Again, not about me. Even if it's not an issue here, excess hours are an issue in certain states, and therefore "just do a second bachelor's if you're not happy with the first one we chose for you" is not something that should be given as a blanket recommendation. 

 

The employer can use the interview to explore any concerns.  Its not unknown for an artist to have a practical degree or skill.  Math or music?  Acting or carpentry?  Sculpting or teacher?   One skill is going to be developed enough to make a living while the other gets developed.  With art history/eng, I, not an arty person, would guess restoration as the goal occupation. 

 

You'd have to get an interview first. If your application gets thrown out before the interview stage, you won't be able to explain yourself (obviously, you do have some opportunity with the cover letter, but interviews are not guaranteed).

 

Also, I have no idea why you'd think that someone who's forced to graduate with an engineering degree at 18 but wants to do art history would want some sort of combination of engineering and art history. Maybe they want to be an art history professor and write journal articles about the influence of the Black Death on late 14th century French painters and teach art history college classes, but dad just happened to think it'd be a good idea to get an engineering degree first (which, typically doesn't have much space for electives).
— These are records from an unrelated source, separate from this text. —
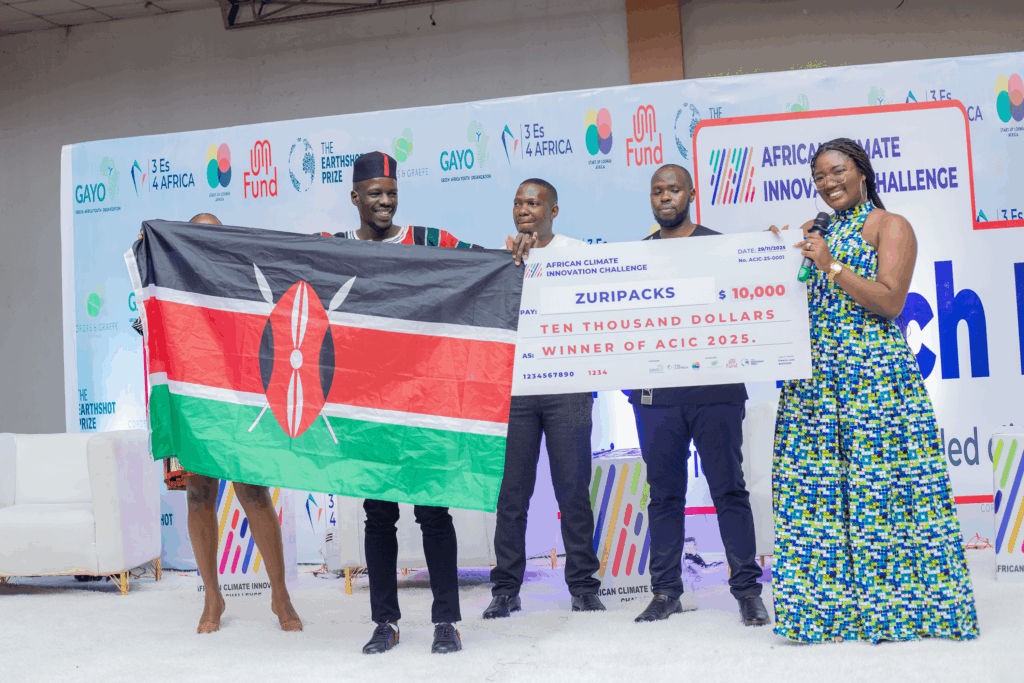 Five young entrepreneurs across Africa win 2025 African Climate Innovation Challenge Five young entrepreneurs across Africa win 2025 African Climate Innovation Challenge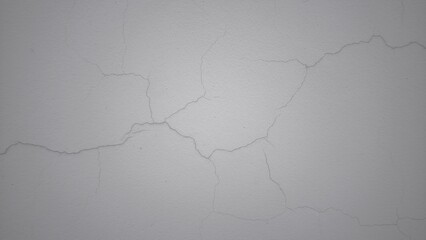 Small cracks on the white wall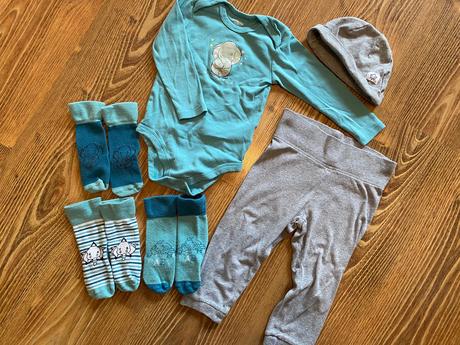 Set dumbo (body+legínky+ čiapka+ ponožky), disney,86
Now, maybe dad is not wrong that there aren't many job opportunities for people with such a career goal, but that doesn't mean that being an engineer at 18 is the most logical/sensible option. STEM jobs are not the only jobs on the planet, nor the only jobs that pay a living wage. 

 

(I realize art history was a hypothetical example, but the thing about history, war, and governance was not, and the same holds true for that)

 

It's such a weird industrial approach to education — like the goal was to set up an assembly line so they could manufacture a series of cloned engineers in the fastest and most efficient way possible.

 

 

Hm... suddenly reminded of Cheaper by the Dozen (both the book and the movie are good), which is about the Gilbreth family, and the dad in that family is basically the inventor of efficiency engineering (time and motion studies in factories to make employees etc more efficient). They didn't homeschool, but they had their kids skip multiple grades in school for efficiency.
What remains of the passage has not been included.